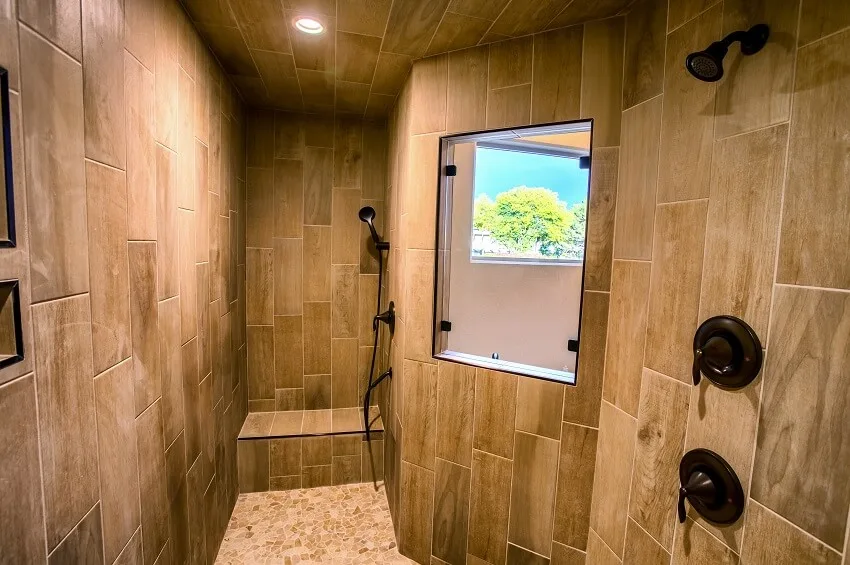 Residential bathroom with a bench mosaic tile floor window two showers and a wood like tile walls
------------------------------------
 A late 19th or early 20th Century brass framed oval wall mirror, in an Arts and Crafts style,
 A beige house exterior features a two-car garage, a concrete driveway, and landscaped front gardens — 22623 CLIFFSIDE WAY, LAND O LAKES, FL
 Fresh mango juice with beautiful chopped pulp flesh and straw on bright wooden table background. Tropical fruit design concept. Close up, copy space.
------------------------------------
● Exercise details:
Print exactly the lines above, between the one holding "A beige house" and the one holding "Fresh mango juice", inclusive, and nothing besides.

● Reply:
 A beige house exterior features a two-car garage, a concrete driveway, and landscaped front gardens — 22623 CLIFFSIDE WAY, LAND O LAKES, FL
 Fresh mango juice with beautiful chopped pulp flesh and straw on bright wooden table background. Tropical fruit design concept. Close up, copy space.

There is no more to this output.